ST. PAUL Minn. Former Buca Inc. chief executive Joe Micatrotto has been sentenced to 13 months in prison and three years of supervised time for the misappropriation of funds from the company, according to local media reports.
Micatrotto, 54, was also fined $250,000 and ordered to repay Buca, operator of the Buca di Beppo dinnerhouse chain, an additional $65,000. He had already agreed not to serve as an officer of a public company under the settlement of civil charges brought against him. He had consented at that time to pay $565,0000 as part of the settlement, and he agreed to repay Buca $900,000 in cash and forfeited stock options at the time he left the company in 2004.

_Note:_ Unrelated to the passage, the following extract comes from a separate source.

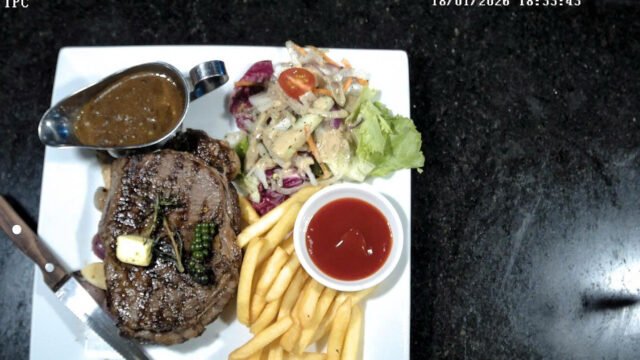 Cargo Club Cafe & Restaurant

Two of Micatrotto's former subordinates at Buca were also sentenced in federal court this week. Former chief financial officer Greg Gadel was sentenced to 366 days and three years of supervised release. In addition, the 47-year-old was fined $50,000 and ordered to pay Buca $76,180.
Former controller John Motschenbacher, 43, was given six months of what local news reports termed "community confinement with work release," or modified house arrest. His fine was $25,000 and his court-ordered repayment to Buca was $145,000.
The sentencing ended a scandal that began in 2004 when federal investigators looked into such matters as the title to a villa in Tuscany, Italy, used as a Buca training facility, being listed in Micatrotto's name. He was also accused of using corporate funds for personal matters, including the rehearsal dinner for his son's wedding, and of having a vendor charge the company $65,000 for services and goods that were never rendered, and then taking the money from the supplier to pay off debts relating to a restaurant in which he held a stake.
Micatrotto, Gadel and Motschenbacher pled guilty in June 2006 to fraud charges. Micatrotto was the first executive to be convicted under more stringent laws adopted under the Sarbanes-Oxley Act, which was passed in the wake of the Enron schedule to protect investors.